Sweet and Creamy Pumpkin Dip

This is the quote for the side of the page:

The self proclaimed “Pumpkin Capital of the World” is Morton, IL where Libby has its pumpkin industry and plant.


Pumpkins are grown all over the world on six of the seven continents, with Antarctica being the exception. A pumpkin is really a squash. Pumpkins are rich in Vitamin A and potassium. They are also high in fiber. The conclusion you should now be reaching is that they are therefore good for you. It’s those other ingredients in many pumpkin recipes that detract from the value of the original ingredient!

Pumpkins are believed to have originated in Central America.
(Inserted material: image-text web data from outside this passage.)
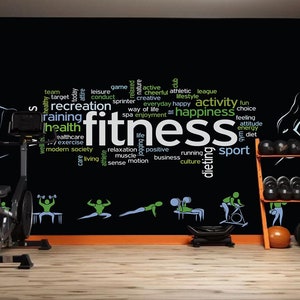 Gym Wallpaper - Removable Wallpaper - Peel and Stick - Fitness Center Wallpaper - Wall Decor - Sport Wallpaper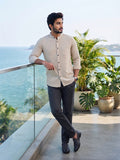 Men's White Self-Design Pure Cotton Straight Kurta | Mandarin Collar | Full Sleev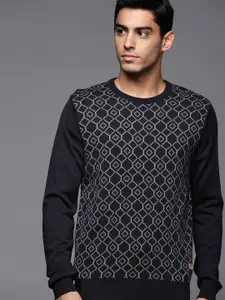 Raymond Men Navy Blue & Grey Self-Design Pullover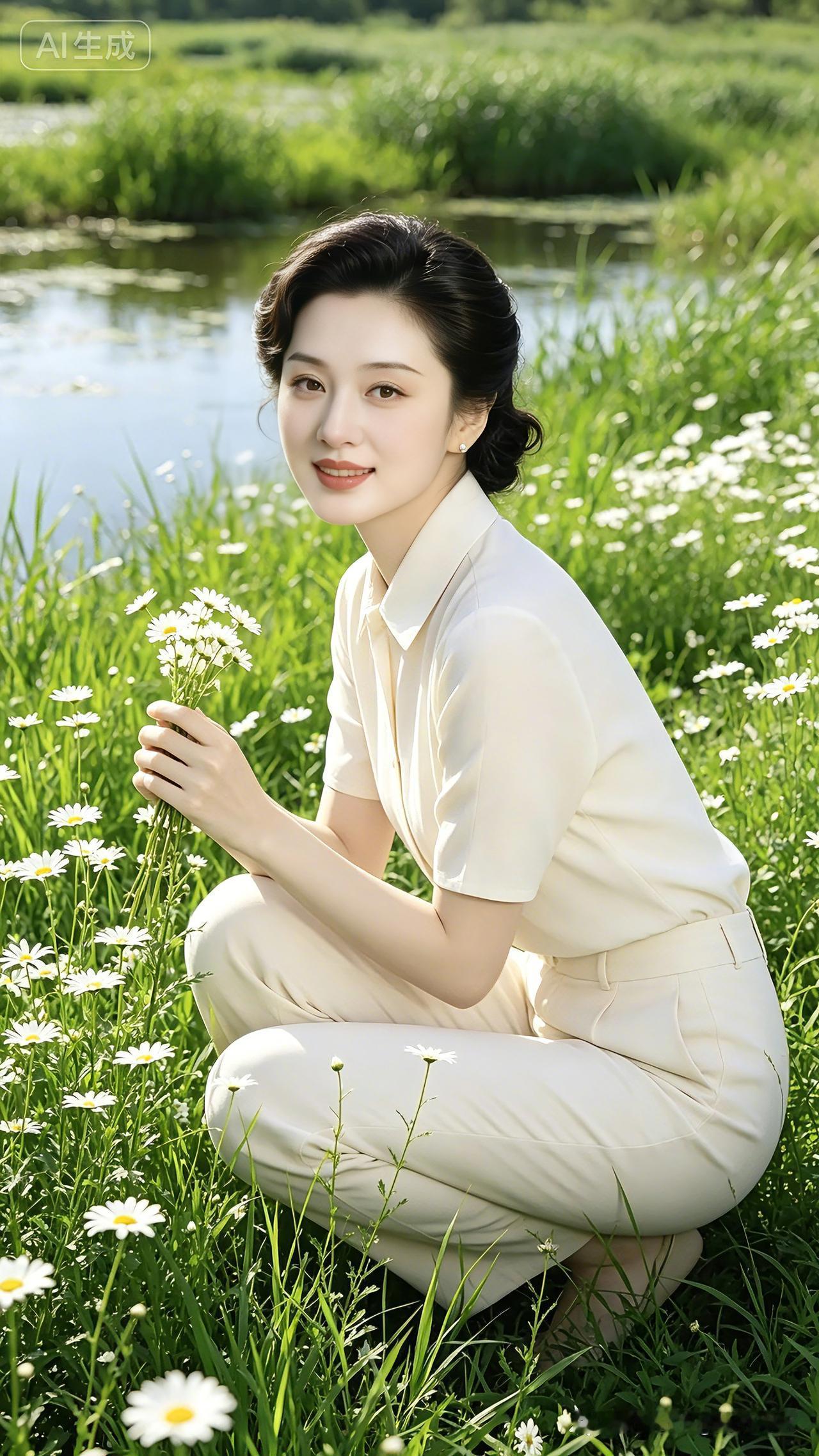 溪畔撷芳碧水清波绕着野塘缓缓淌，漫坡小菊漫溢淡淡清香。佳人轻蹲在花丛深处，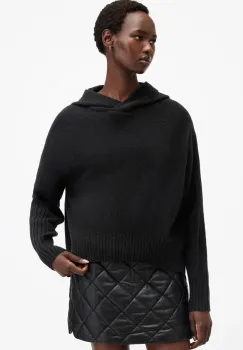 AllSaints bluza din lana INES culoarea negru, cu gluga, uni, W074KB imagine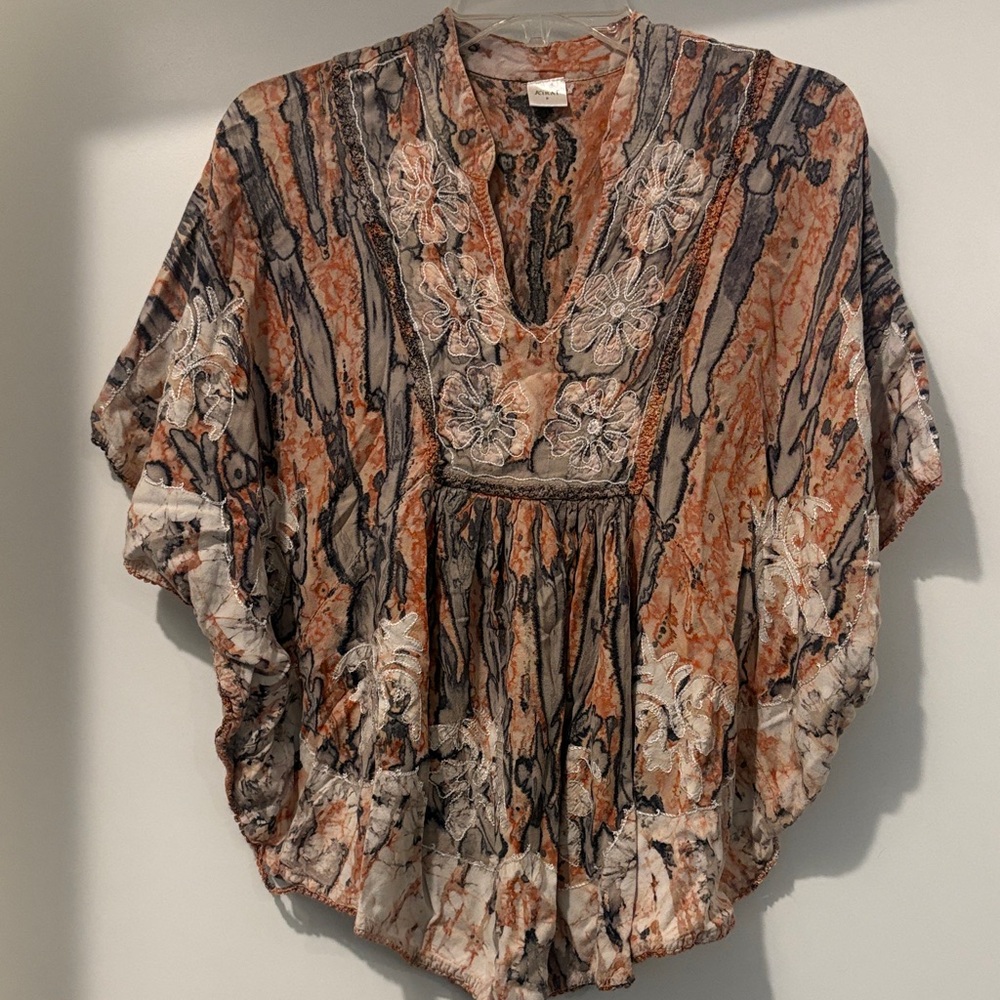 Artistic Floral Women's Blouse in Orange and Black
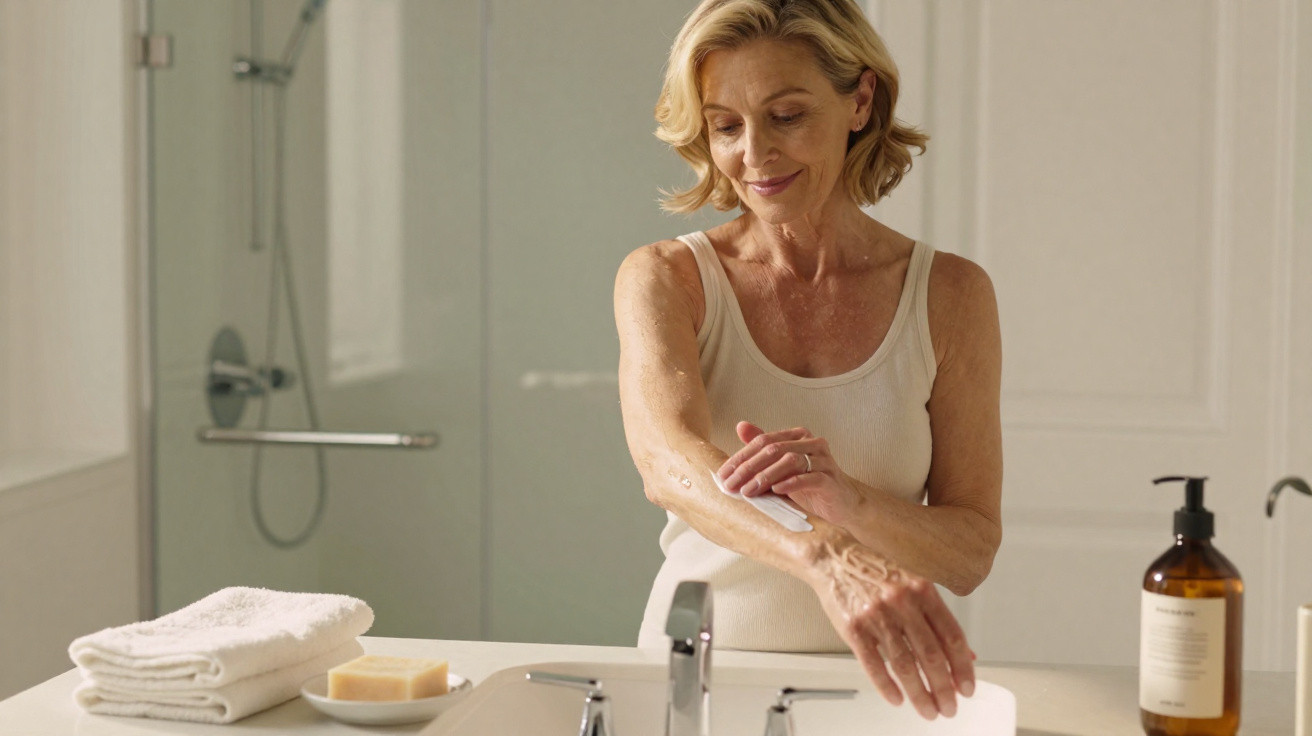 Middle-aged woman applying cream to her arm in a bright bathroom with towels and soap nearby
Seeds from related plants have been found in Mexico, dating back over 7000 years to 5500 B.C.   Native American Indians used pumpkin as a staple in their diets centuries before the pilgrims landed. When white settlers arrived, they saw the pumpkins grown by the Indians. Pumpkin soon became a staple in their diets, too. Early settlers used them in a wide variety of recipes from desserts to stews and soups. The origin of pumpkin pie is thought to have occurred when the colonists sliced off the pumpkin top, removed the seeds, and then filled it with milk, spices and honey. The pumpkin was then baked in the hot ashes of a dying fire. Whether they learned this from Native Americans is not known.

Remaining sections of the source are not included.